Two female Palestinian activists have gone on trial in an Israeli military court over their involvement in weekly demonstrations against an Israeli settlement in the occupied West Bank.

Rights groups and activists said on Tuesday that the prosecution of Nariman Tamimi and Rana Hamadeh coincided with a rise in Israeli arrests of Palestinian protest organizers in recent weeks.

The decision to put the two women on trial was unusual because charges against them focused on their entry to a “closed military zone” during a protest in the village of Nabi Saleh on June 28, an offense that rarely leads to prosecution in court. It is also rare for Israel to prosecute Palestinian women protesters.

Amnesty International issued a written statement earlier that urged Israeli authorities to stop the “judicial bullying” of Palestinian activists.

“They have been denied the basic human right to peacefully protest over land illegally seized by Israeli settlers, and the Israeli judiciary has used spurious legal tools to punish them,” the UK-based human rights watchdog said of the women.

Human Rights Violations

Philip Luther, Amnesty International’s Middle East and North Africa Program director, said in a written statement after the arrests that there had been an unrelenting campaign of harassment, “the latest in a litany of human rights violations against Nariman Tamimi, her family, and her fellow villagers”.

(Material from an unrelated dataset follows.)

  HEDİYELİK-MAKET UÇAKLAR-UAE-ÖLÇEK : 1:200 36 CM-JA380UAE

“These arbitrary restrictions should be lifted immediately and the charges should be dropped,” Luther said.

Villagers began organizing protests every Friday after Israelis from the Halamish settlement took control of a spring between the two communities in 2009, which they say deprived them of a source of irrigation.

The protests typically involve flag-waving and stone-throwing by the Palestinian side, which is met by tear gas, rubber bullets and even live ammunition by the army.

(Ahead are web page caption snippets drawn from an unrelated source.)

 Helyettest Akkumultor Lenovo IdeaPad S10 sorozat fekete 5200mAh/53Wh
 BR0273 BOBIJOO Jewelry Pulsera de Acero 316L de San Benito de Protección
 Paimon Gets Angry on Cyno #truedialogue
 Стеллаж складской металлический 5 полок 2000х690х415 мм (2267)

Two Palestinians have been shot dead by soldiers since the protests began, including Nariman’s brother Rushdi, in November.

Closed Military Zone

The Israeli army restricted access to the village during the confrontations and declared it a “closed military zone”.

Israeli military spokesman Lieutenant Colonel Peter Lerner said the women had “participated in an unlawful disruption of the public order, ignored specific instructions of law enforcement officers and therefore were detained”.

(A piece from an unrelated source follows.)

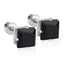 Simple Square Stainless Steel Crystal Stud Earrings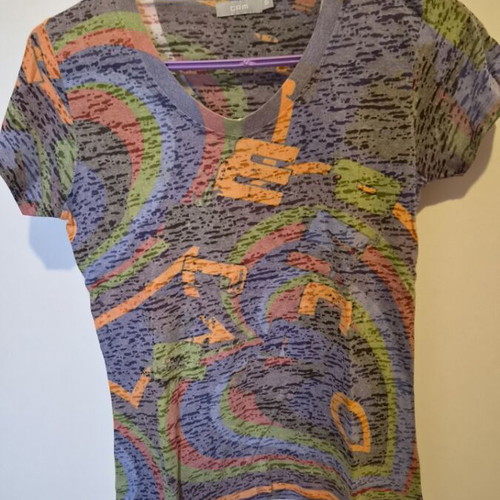 Admiral women's blouses size Small like new, multicolor orange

Lerner said the military had taken necessary action to restore security after the violence resulting from the protest threatened the safety of civilians on a nearby road.

Sarit Michaeli of the Israeli human rights group B’Tselem said that the trial was expected to last months and it was part of the Israeli policies which “make it virtually impossible for Palestinians to legally demonstrate”.

The two defendants are free on bail while the trial continues but Tamimi has been ordered to stay at home every Friday and Hamadeh may not enter Nabi Saleh on Fridays.

Israel arrested two other prominent activists in the past week in the West Bank villages of Bil’in and Beit Ummar.

The activists had organized protests as part of a strategy dubbed “popular resistance” blessed by the Palestinian President Mahmoud Abbas.

Israel has occupied the West Bank and sown it widely with settlements since capturing it in the 1967 Middle East war along with East Jerusalem and the Gaza Strip, land Palestinians want for a future state.

The United Nations has said that the settlements are illegal.

Ban Ki-moon, the UN secretary-general, has termed Israeli plans to press ahead with the construction of more than 1,000 homes in two occupied West Bank settlements “a violation of international law”.